「AWS Outposts」とは異なりフルサービス提供、1000ラック以上への拡張も容易に可能とアピール
最小3ラックで自社DCに“専用リージョン”設置、オラクルOCI「Dedicated Region25」発表
2024年09月17日 07時00分更新
米オラクルは2024年9月11日、Orace Cloud Infrastructure(OCI)の“顧客専用リージョン”を提供する「OCI Dedicated Region Cloud@Customer(DRCC)」の新たな構成として「Dedicated Region25」を発表した。最小構成が「3ラック」と従来版の4分の1になり、調達や設置、拡張も大幅にシンプル化された。提供開始は2025年中を予定している。
この発表が行われたオラクルの年次イベント「Oracle CloudWorld 2024」では、OCI担当幹部のクレイ・マグワイク氏による基調講演で、その特徴や顧客メリットが紹介された。
顧客DC内に配置してデータレジデンシーなどの問題を解消する「DRCC」
オラクルが2020年から提供しているDRCCは、フルマネージド型のプライベートクラウドソリューションだ。顧客データセンター(DC)内にOCIのサービスインフラ(ハードウェア、ソフトウェア)を配置し、それをオラクルが運用する形で、顧客専用のOCIリージョンを提供する。オラクルが推進する“分散クラウド(Distributed Cloud)戦略”の特徴的なソリューションの1つである。
「AWS Outposts」など他社の類似ソリューションとDRCCの大きな違いは、OCIがパブリックリージョンで提供しているすべてのサービス(現在は150サービス以上)を提供できる点だ。OCIのIaaS/PaaS(Autonomous Database、Generative AI Serviceなど)だけでなく、SaaS型ERPのOracle Fusion Cloud Applicationsも含めて、顧客は自社データセンターで提供されるサービスを利用できる。ちなみに、OCIのマネージドVMwareサービスである「Oracle Cloud VMWare Solution」にも対応している。またSLAは、OCIパブリックリージョンのそれと同一である。

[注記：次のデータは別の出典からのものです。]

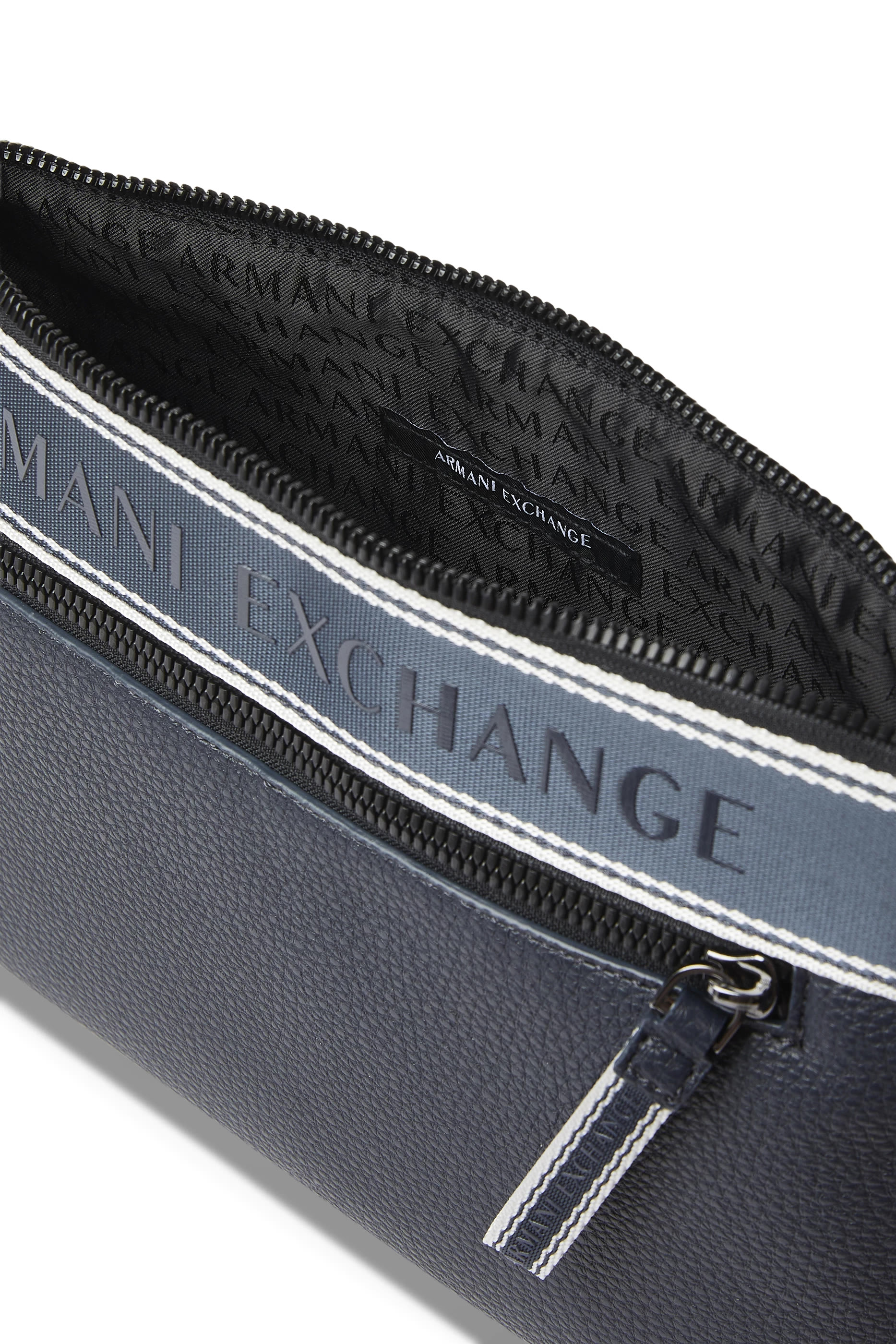 حقيبة إيان صغيرة جلد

DRCCの導入企業としては、日本の野村総合研究所(NRI)、英国のVodafone、オマーンのOICT Groupなどが公表されている。オラクルによると、2023年には10だったDRCCのリージョン数が、2024年には15に増加している。採用の理由としては、データを国内あるいは自社内に保持したい(データレジデンシー)、既存のオンプレミスシステムと低レイテンシで接続したい、データセンターのセキュリティレベルを統一したいといった、既存のパブリックリージョンでは満たせない要件を満たせることが大きいようだ。
Dedicated Region25は数千ラック規模のスケーラビリティ、導入や設定はより容易に
「Dedicated Region25では、従来のDRCCについて徹底的な再設計を行い、これまでにない柔軟性とスケーラビリティを実現した。引き続きリージョンの規模に関係なく完全な機能を提供する一方で、簡単に使えるようになっている」(マグワイク氏)

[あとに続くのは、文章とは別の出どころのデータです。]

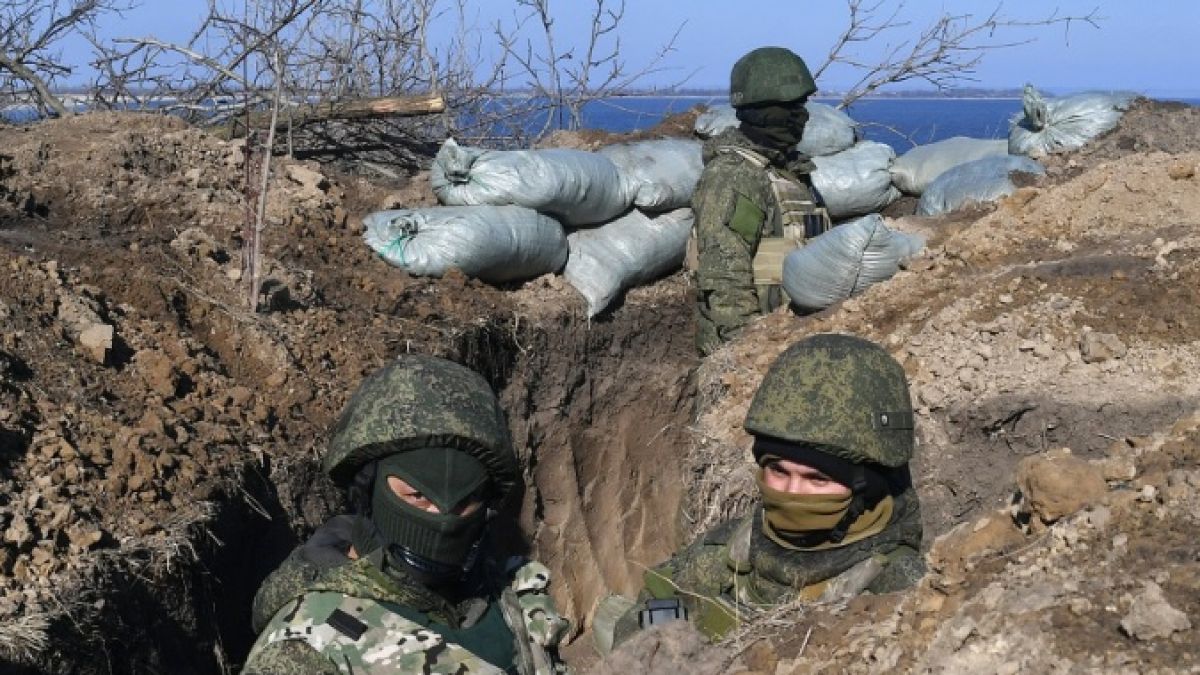 Украински разузнавач обясни защо руснаците вкопават блиндажи в корените на дърветата ВИДЕО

DRCCの最小構成は、2021年時点では50ラックだったが、2022年には12ラックまで引き下げられた。そして今回発表された、2025年版となるDedicated Region25では、それをさらに3ラックまで引き下げ、顧客企業がより導入しやすいフットプリントとなった(ただし最小価格については未発表)。

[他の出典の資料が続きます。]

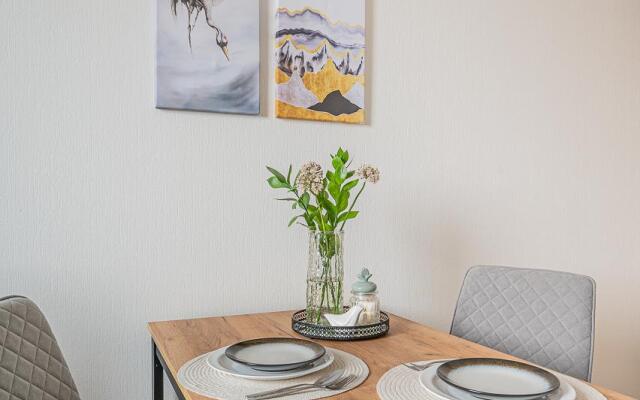 Лайт Апартаменты на улице Рябинина 49А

Dedicated Region25は、スモールスタートが可能な一方で、リソース需要に応じて拡張できる高いスケーラビリティも備えている。同一構成の標準化されたラックモジュールや拡張オプションを追加するだけでスケールアウトができ、64ラック、さらにはハイパースケールなリージョンに匹敵する数千ラック規模への拡張も可能だという。
Dedicated Region25は、顧客データセンターのサイトプランニング(電源、スペース、ネットワーク)を行った後、数週間で利用可能になる。ラック内のケーブルはすべて配線済みで工場出荷され、顧客データセンターではラック間のケーブル接続、ラックに付与されたQRコードのスキャン、リージョンとしてのアウトバウンドIPアドレス設定といったわずかな作業だけでデプロイできるという。
また、ネットワーク通信はすべて暗号化されており、一つひとつのラックが“ケージ”のような堅牢設計のため、構成するラックを隣り合わせに設置する必要がなく、データセンター内で空いたラックスペースを活用できることもアピールした。